Chelyabinsk scientists have created a sensor that can independently verify itself − every heating-cooling cycle.

"We have a main temperature meter and a standard one with which we compare the correctness of the sensor readings at control points. All this is a single capsule, a monoblock," explains Vladimir Zhivulin. "If we see that there is a deviation from the control points, we can calculate the temperature correction that needs to be entered and restore the true values. Our discovery relates precisely to material science: we use ferrites. This is a very stable, chemically inert, temperature-stable material; it is not affected even by a large background radiation."

Ferrite is a magnetic material, and phase transitions occur in it: when heated to a certain temperature, it becomes non-magnetic. Chelyabinsk materials scientists from a scientific school headed by RAS Professor Denis Vinnik have learned to controllably change the temperature of the magnetic phase transition of ferrites. The idea was put forward that by recording the magnetic phase transition, it was possible to accurately determine the temperature. The head of the International Laboratory for Self-Validating Sensors, Systems, and Advanced Instrumentation Aleksandr Shestakov proposed creating a sensor where a ferrite element would act as a temperature standard. Thus, within the framework of the Priority 2030 program, a collaboration of several scientific schools took place. An employee of the Department of Informational and Measuring Technology, Nikita Nikolaizin, began creating electronics for controlling the sensor, and the design of the sensor itself was invented by Vladimir Zhivulin, a physicist by training. He was the first to figure out how to detect a magnetic phase transition and create a single device.

"The development itself consists of a sensitive element that contains reference substances, a main temperature meter (thermocouple), and the second part is a software and hardware complex, an electronic circuit that collects data from the sensor, makes calculations and automatically issues a signal that something is wrong, or it calculates correction factors, applies them and corrects the thermocouple readings," says the inventor.

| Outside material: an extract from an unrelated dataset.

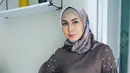Istri Arie Untung, Fenita Arie saat berpose dengan mengenakan hijab. Sebagian besar warganet mendukung langkah Fenita dan mengatakan bahwa presenter tersebut tampak lebih cantik usai berhijab. (Instagram/ariekuntung)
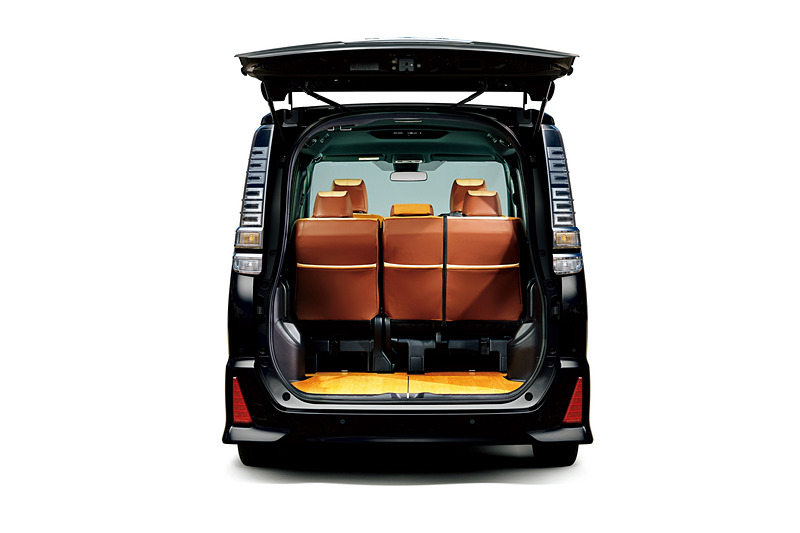 ヴォクシー“MULTI UTILITY”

The entire development, from material to design, including electronics, was designed and manufactured at South Ural State University. Now a prototype is ready and operating, scientists are testing it. The uniqueness of the project is that Chelyabinsk developers can reproduce the full cycle of creating an "ageless" thermometer without resorting to third-party organizations.

There is only one industrial analogue in the world that can be bought, it is produced by Endress+Hauser, but the device by the Chelyabinsk scientists surpasses it in all characteristics. The German sensor can carry out verification or calibration using just one temperature standard, and the Chelyabinsk device has five calibration points, and they are evenly distributed over the entire operating temperature range. The foreign device operates at temperatures from 0 to 200 degrees Celsius, and the Chelyabinsk sensor − from 0 to 800. This range is widely used in industry: nuclear energy, metallurgy. In addition, the "ageless" thermometer from Chelyabinsk will find use in scientific laboratories; it can be checked and calibrated after each experiment. According to preliminary estimates, the accuracy of the sensor will be 1 degree. No thermocouple existing in the world can provide temperature measurements over a long period of time with such accuracy.

The sensitive element itself has been 100% completed and tested. Electronics has been developed to control the sensor. Now scientists are giving their invention "brains": they are developing algorithms for the controller so that it can automatically perform verification and automatic calibration without errors. Within a year, the device will be perfected and ready for transfer to industrial production.